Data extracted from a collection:
☆ ☆ ☆ ☆
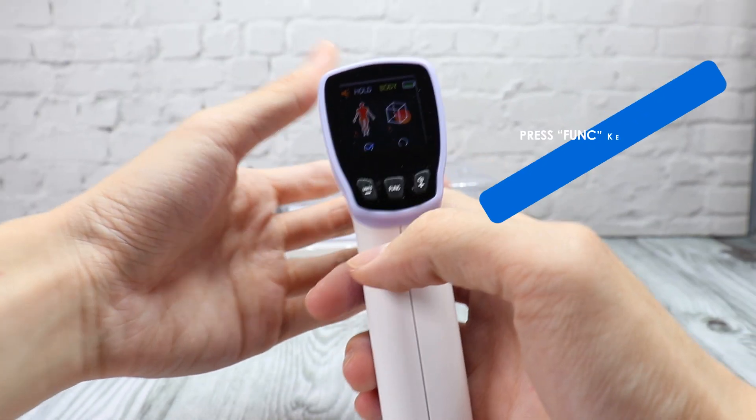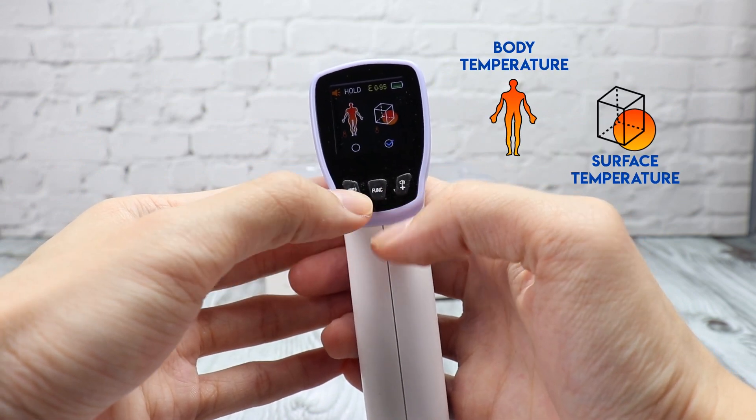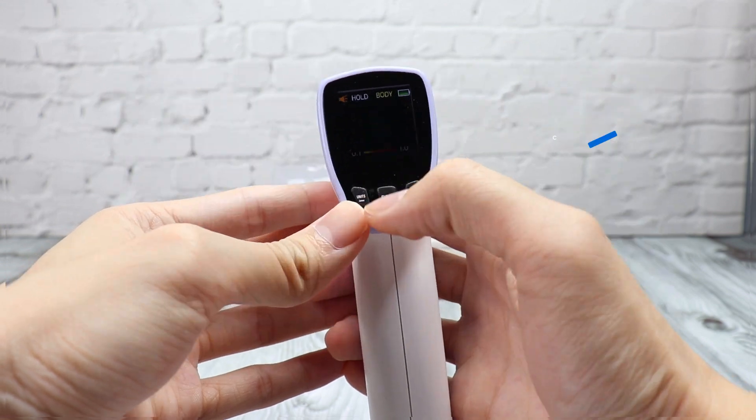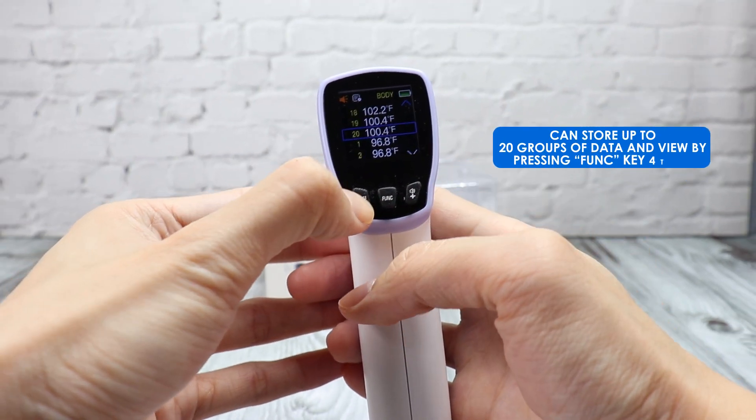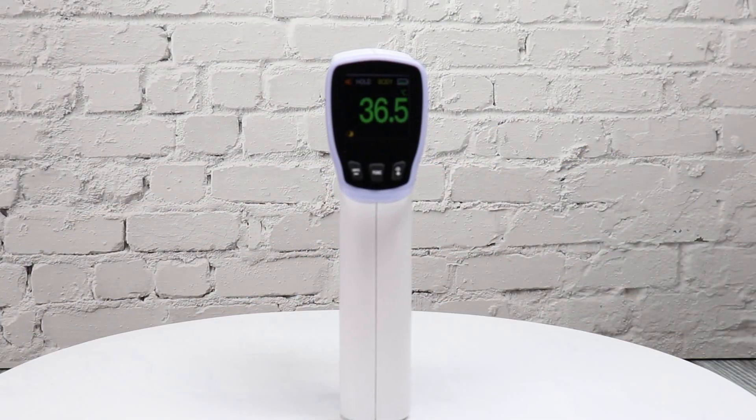Press the function key to enter the measurement mode selection. You can select body or surface temperature. To view the stored data, press the function key four times. You can store up to 20 readings. Pull the trigger to return to the measuring mode.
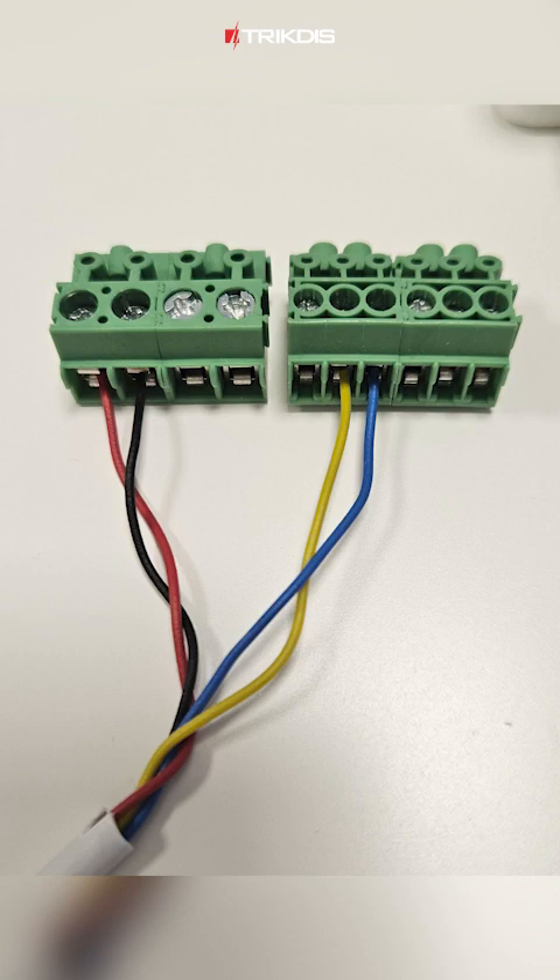Now, let's connect the wires to the terminal blocks on the NSC control panel. In the first block of four contacts, connect the red wire to the first contact from the left, and the black wire to the second contact. Then, in the second block of six contacts, connect the yellow wire to the second contact from the left, and the blue wire to the third contact.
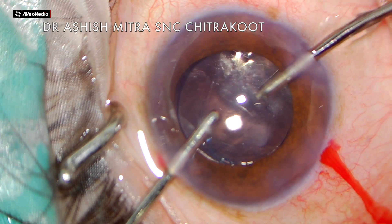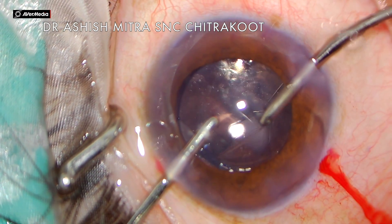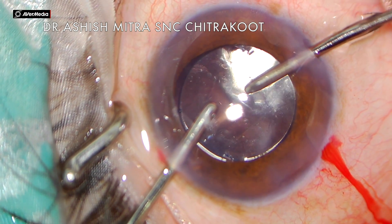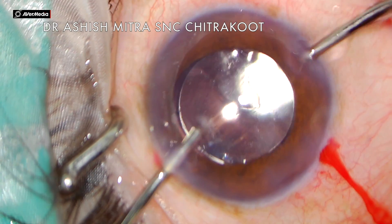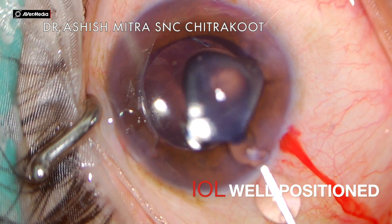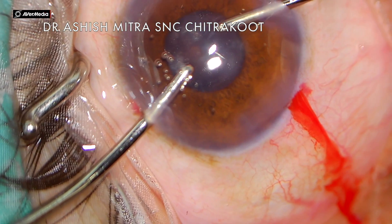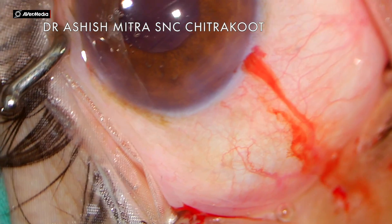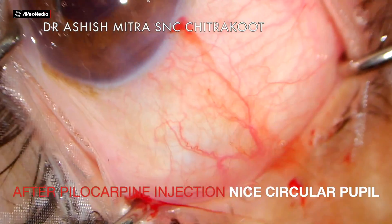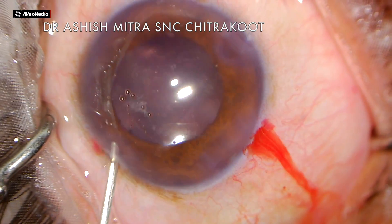After placing the lens, I did irrigation and aspiration since vitrectomy was done and all cortex was aspirated. You can see the IOL is in the sulcus, nicely centered. Just to demonstrate further, one could use pilocarpine, which would constrict the pupil — and that would be a second proof confirming no vitreous was left. After instilling pilocarpine, the pupil has constricted and is circular, confirming no vitreous remains. This case was nicely managed after having a PCR in a posterior polar cataract case.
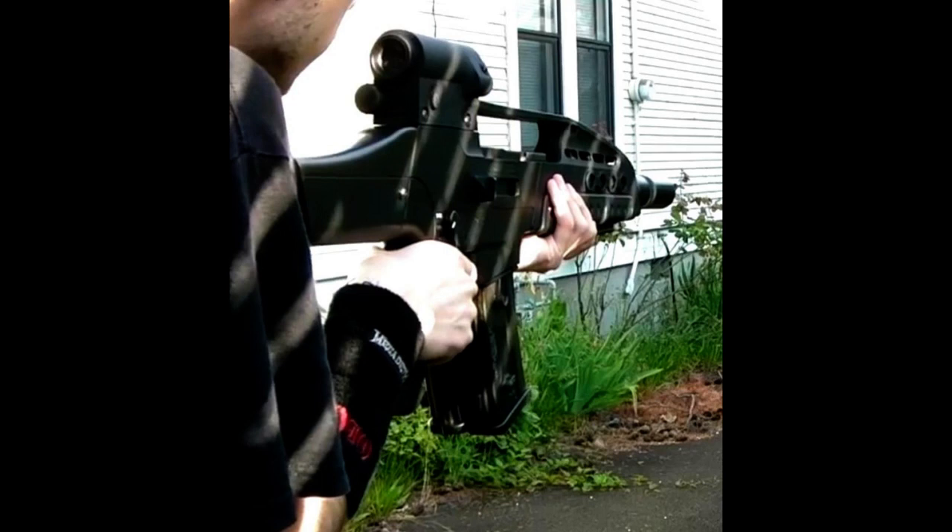Hey guys, it's Jarek the Mohawk Dragon. First things first, a new video has been posted over at Machinima Sports. It is an accuracy test of the SRC-XM8, and I've really been needing to redo this for a very, very long time.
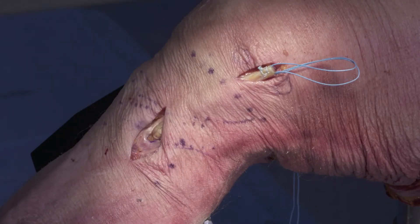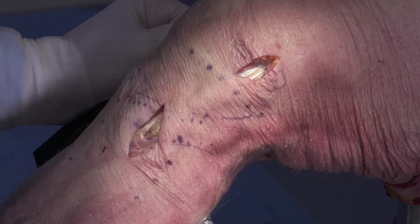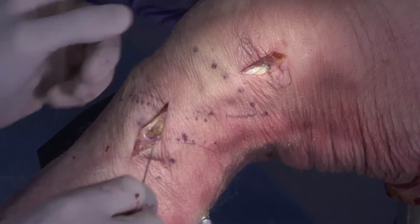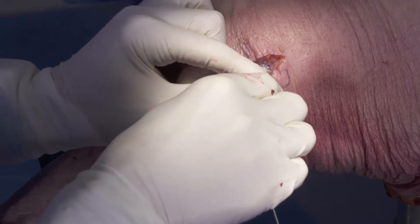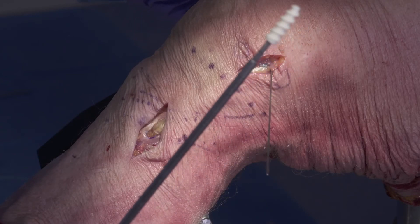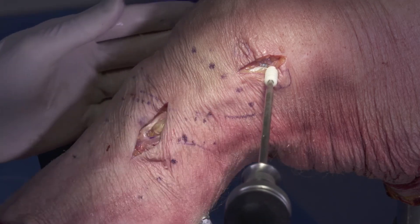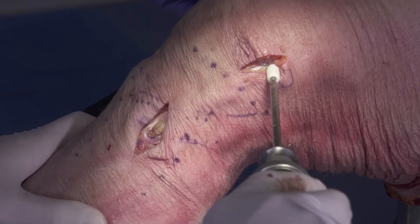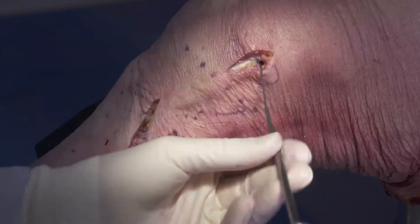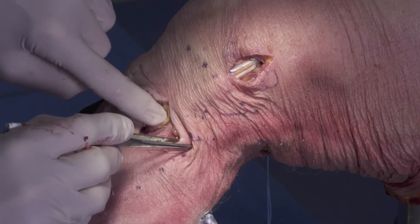Now that we have the tibial side fixated, we can go ahead and dunk our femoral end of the graft into the femoral tunnel. When we tension and insert this fixation, we're going to want to hold the knee at approximately 30 degrees of flexion with a varus force applied. While holding tension on the graft, I'm going to insert my nitinol wire into the femoral tunnel, and I'm going to use an 8 by 23 millimeter Milagro advanced interference screw — again, biocomposite. We're holding tension on our graft with our knee at approximately 30 degrees of flexion with a slight varus force, and we're going to fixate our femoral tunnel. Our graft is now fixated on the femoral aspect as well as the tibial aspect with good tension.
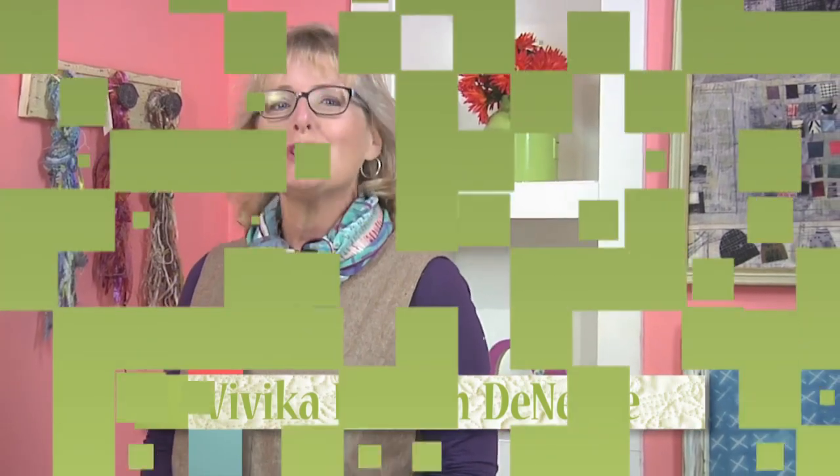Our sewing machines provide the spark on today's Quilting Arts. I'm Vivica Hanson-Denegri, your host, and joining me today is Beth Schilling.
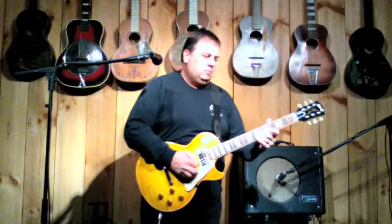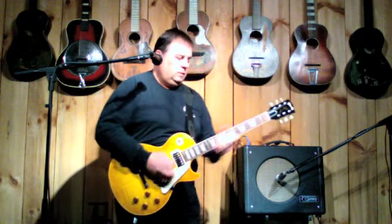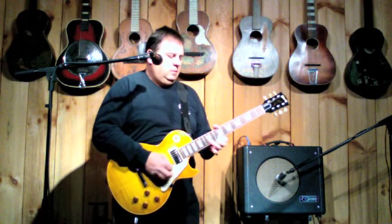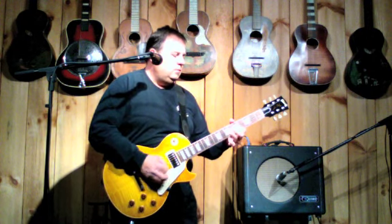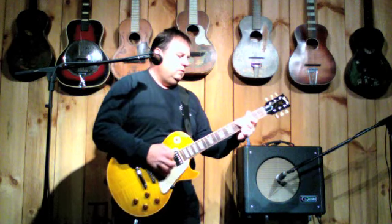Hi, I'm John Bell. I'm here at Garrett Park Guitars. I have a 2001 Gibson Les Paul 1958 reissue — real nice flame top, real good player.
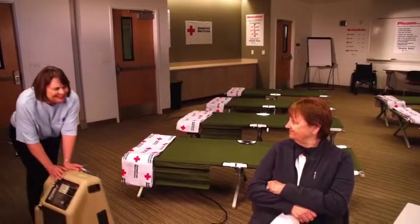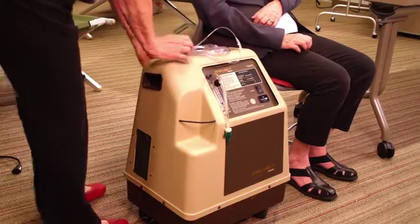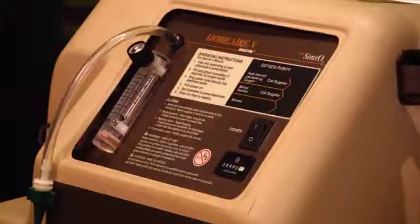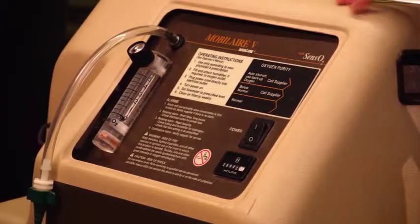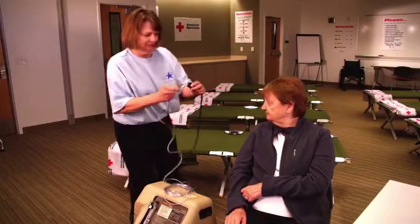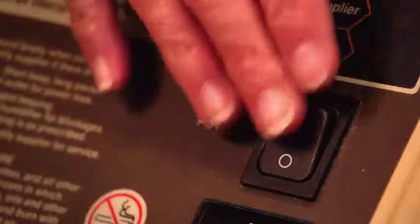An oxygen concentrator concentrates the amount of oxygen in the air from 21% to about 89%. This is a home concentrator. The home model needs a source of electricity to power it. The first step in using a home concentrator is to plug it in and power it on.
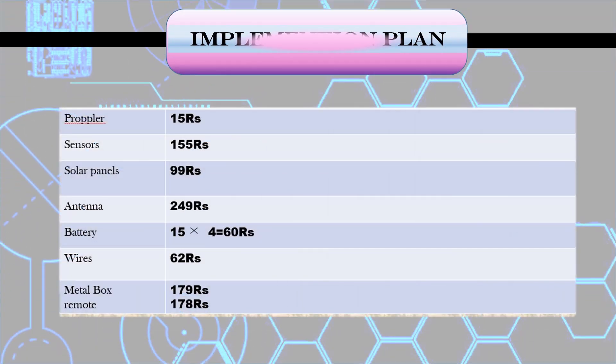The cost of materials for the Solar Water Cleaner: Crochet board — 15 rupees; Sensors — 155 rupees; Solar panels — 99 rupees; Antenna — 249 rupees; Battery — 62 rupees; Wire — 62 rupees; Metal box — 179 rupees; Remote — 178 rupees. The total amount is 997 rupees.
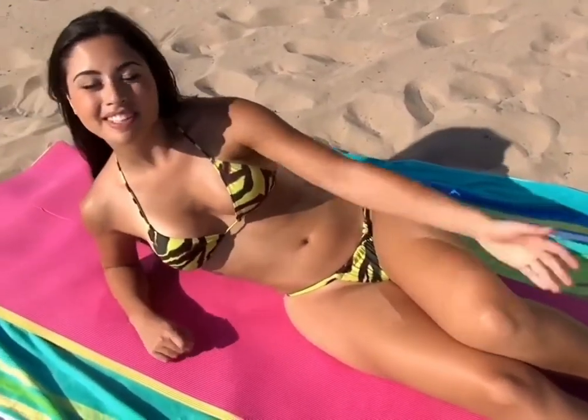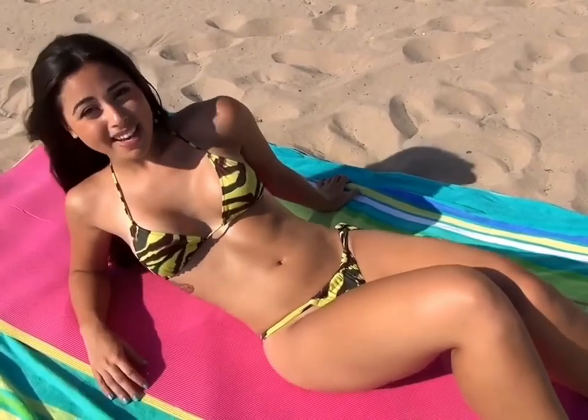Hi everyone, I'm Carol Salemi. I'm a Brazilian model and I'm here at this beautiful beach to show you guys some great abs exercises to get you some nice tight abs.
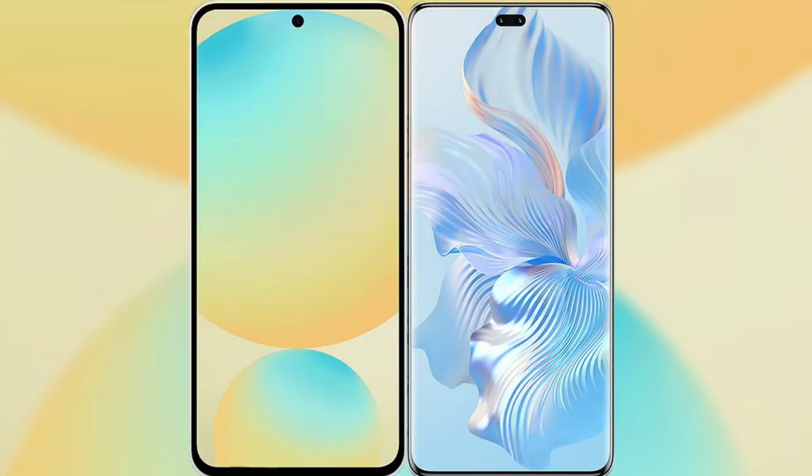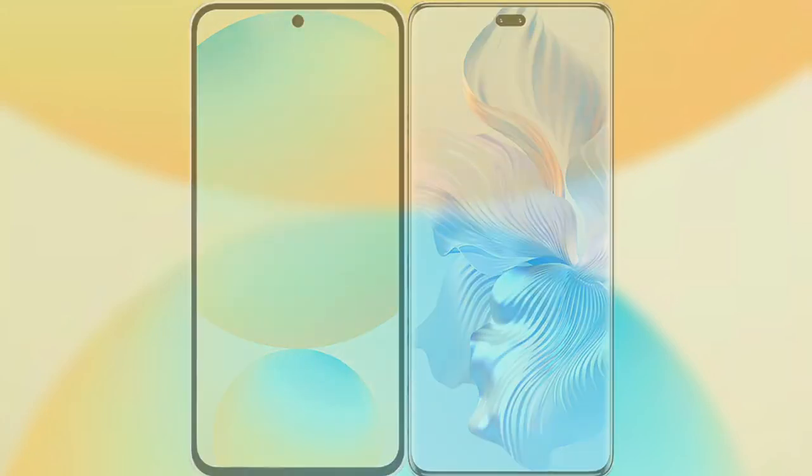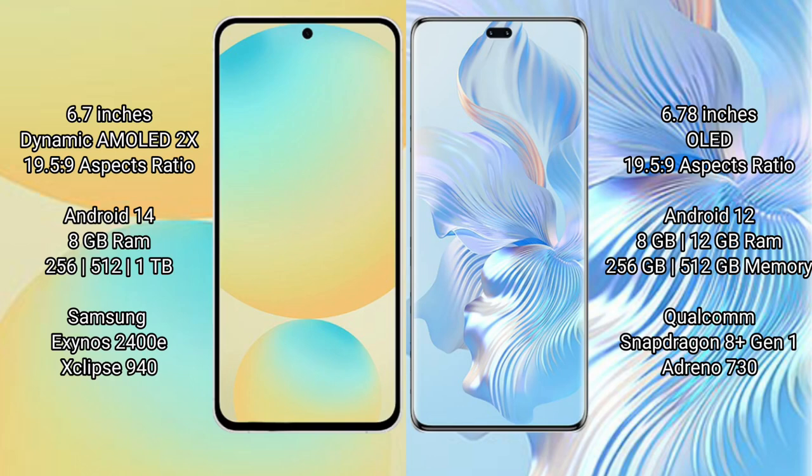I will compare the new Samsung Galaxy S24 FE with Honor 80 Pro. Samsung Galaxy S24 FE features a 6.7-inch Dynamic AMOLED display with a 19.5:9 aspect ratio. Honor 80 Pro features a 6.78-inch OLED display with a 19.5:9 aspect ratio.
☆ ☆ ☆ ☆
#### To do:
From the line holding "The cost of" to the final line of the data above, give each line again exactly, both ends included, and drop the pictures.

#### Solution for this problem:
The cost of materials for the Solar Water Cleaner: Crochet board — 15 rupees; Sensors — 155 rupees; Solar panels — 99 rupees; Antenna — 249 rupees; Battery — 62 rupees; Wire — 62 rupees; Metal box — 179 rupees; Remote — 178 rupees. The total amount is 997 rupees.
Hi everyone, I'm Carol Salemi. I'm a Brazilian model and I'm here at this beautiful beach to show you guys some great abs exercises to get you some nice tight abs.
I will compare the new Samsung Galaxy S24 FE with Honor 80 Pro. Samsung Galaxy S24 FE features a 6.7-inch Dynamic AMOLED display with a 19.5:9 aspect ratio. Honor 80 Pro features a 6.78-inch OLED display with a 19.5:9 aspect ratio.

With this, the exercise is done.